A non-Windows microkernel

Jun 1, 2007 11:11 GMT  ·  By

Deep in the research laboratories over at Microsoft, the Singularity platform is being built. As of yet, Singularity is merely a research operating system, but this is not to say that the project is not evolving or that future versions of Windows won't include the prototype's technology. However, Singularity is in fact a non-Windows operating system, and this is how the project is described by two Microsoft researchers working on Singularity: "Singularity is a research project focused on the construction of dependable systems through innovation in the areas of systems, languages, and tools. We are building a research operating system prototype (called Singularity), extending programming languages, and developing new techniques and tools for specifying and verifying program behavior," revealed researchers Jim Larus and Galen Hunt.

Singularity is not a new prototype, as it has been debuted before Windows Vista, and the version 1 of the operating system is already complete, the team moving ahead to v2.0. The Singularity microkernel is an example of 100% managed code and of how Microsoft is drifting away from Windows.

"Singularity uses type-safe languages and an abstract instruction set to enable what we call Software Isolated Processes (SIPs). SIPs provide the strong isolation guarantees of OS processes (isolated object space, separate GCs, separate runtimes) without the overhead of hardware-enforced protection domains. In the current Singularity prototype SIPs are extremely cheap; they run in ring 0 in the kernel's address space," reads a fragment of Singularity's description on Microsoft Research.

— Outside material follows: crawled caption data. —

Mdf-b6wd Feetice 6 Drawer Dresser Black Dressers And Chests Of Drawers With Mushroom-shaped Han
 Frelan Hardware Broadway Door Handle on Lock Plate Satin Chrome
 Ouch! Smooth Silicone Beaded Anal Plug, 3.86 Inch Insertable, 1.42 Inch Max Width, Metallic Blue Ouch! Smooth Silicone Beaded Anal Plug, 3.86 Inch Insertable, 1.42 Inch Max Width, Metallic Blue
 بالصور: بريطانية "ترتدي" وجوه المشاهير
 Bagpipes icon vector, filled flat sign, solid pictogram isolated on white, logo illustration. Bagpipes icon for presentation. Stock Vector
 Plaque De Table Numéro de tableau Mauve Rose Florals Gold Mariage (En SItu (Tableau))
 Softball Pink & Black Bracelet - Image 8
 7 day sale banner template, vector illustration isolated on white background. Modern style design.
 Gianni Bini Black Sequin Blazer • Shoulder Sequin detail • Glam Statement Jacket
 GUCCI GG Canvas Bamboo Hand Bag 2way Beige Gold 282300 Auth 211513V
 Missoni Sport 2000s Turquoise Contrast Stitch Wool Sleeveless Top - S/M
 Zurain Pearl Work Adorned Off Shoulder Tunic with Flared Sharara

In order to get a complete idea of the Singularity operating system prototype, Microsoft has made available four video fragments on the subject: Singularity: A research OS written in C#, Singularity Revisited, Singularity III: Revenge of the SIP and Singularity IV: Return of the UI. Singularity is relevant because it offers an insight into the future potential development path that Microsoft could take for its Windows platform. I may have exaggerated a tad by referencing Singularity as the next operating system from the Redmond Company, but the project definitely has a future with Microsoft's platform.